[Recorded data]

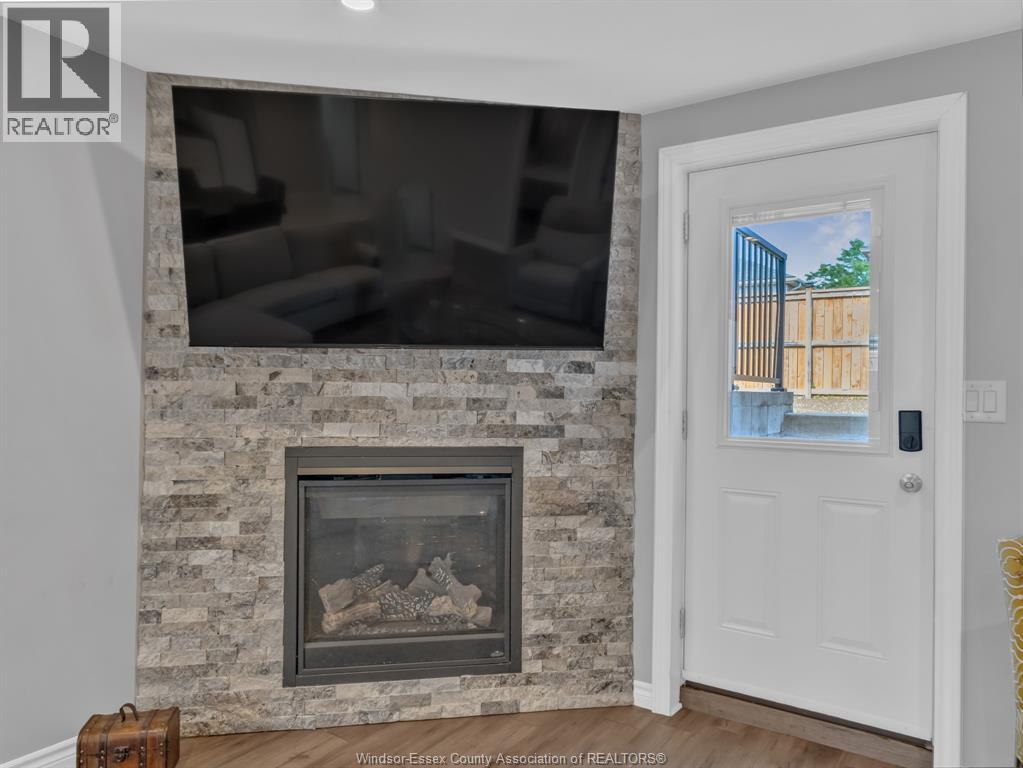 Photo 31 of 2432 Askin, Windsor ON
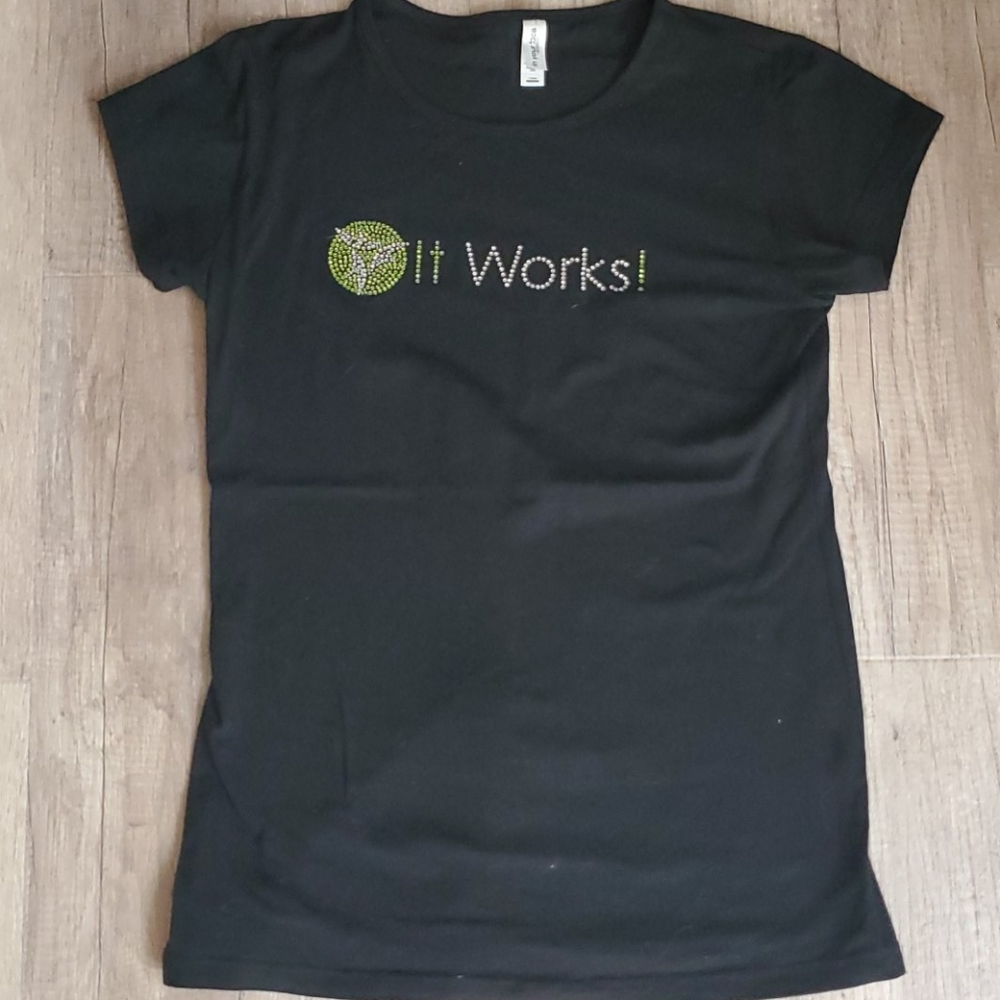 Black itworks tshirt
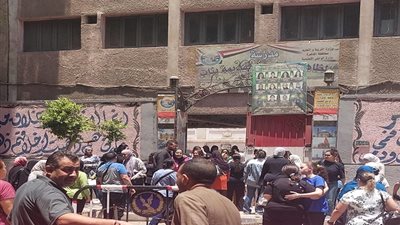 توافد طلاب الثانوية العامه للجان لأداء امتحان التفاضل والتكامل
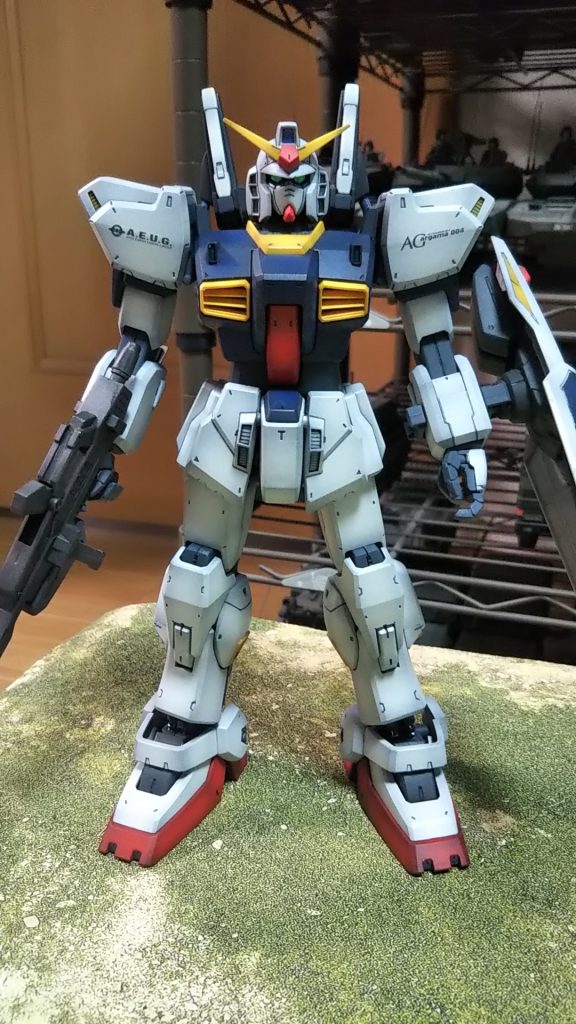 正面、いつものやり方でシャドーハイライトのグラデーション塗装してわずかながら立体感を出しています💦デカールは少なめです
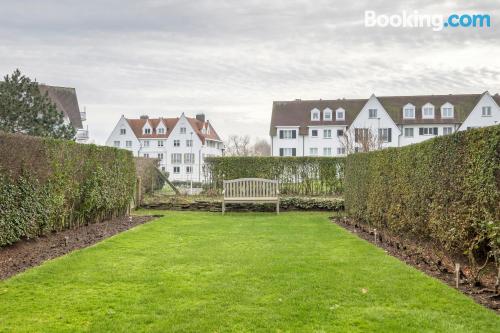 Appartement de deux chambres à Knokke-Le-Zoute. Terrasse!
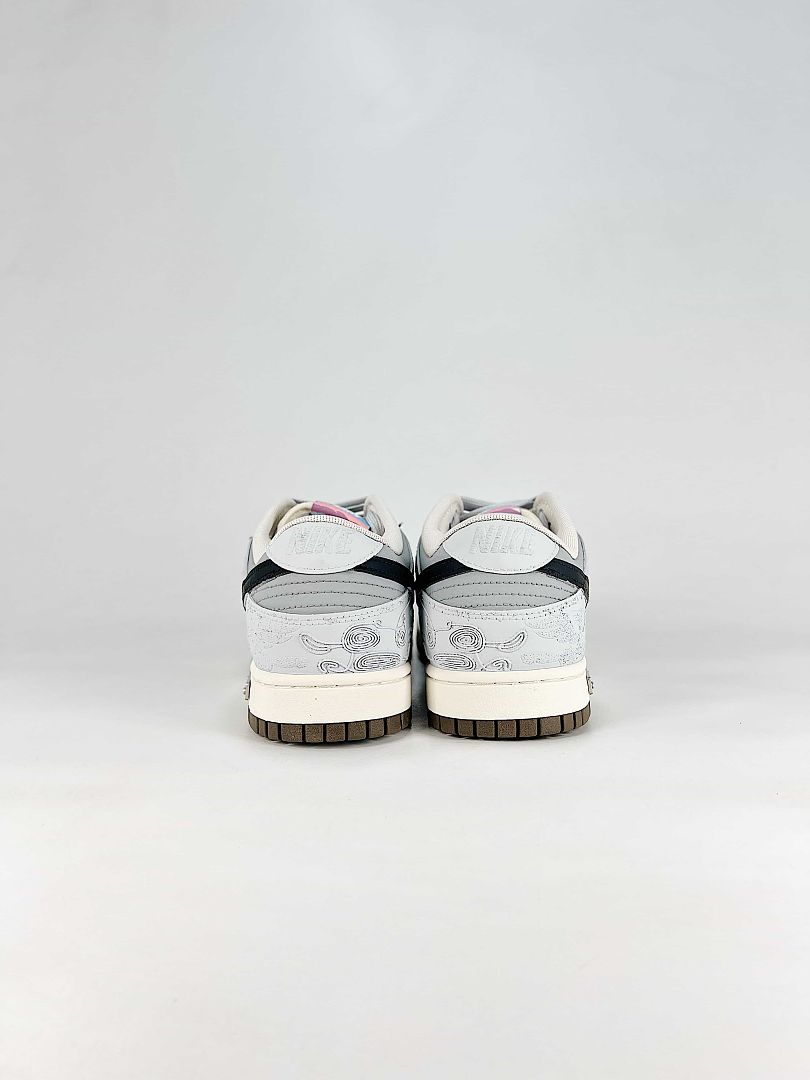 Nike Dunk SB Low IQ1118-220 Patterned Swoosh Sneakers White Gray Black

**Problem details:** Exactly the lines from the one that contains "Black itworks tshirt" to the last line of the data, both included, should be set down, and no pictures should appear among them.

**Result:**
 Black itworks tshirt
 توافد طلاب الثانوية العامه للجان لأداء امتحان التفاضل والتكامل
 正面、いつものやり方でシャドーハイライトのグラデーション塗装してわずかながら立体感を出しています💦デカールは少なめです
 Appartement de deux chambres à Knokke-Le-Zoute. Terrasse!
 Nike Dunk SB Low IQ1118-220 Patterned Swoosh Sneakers White Gray Black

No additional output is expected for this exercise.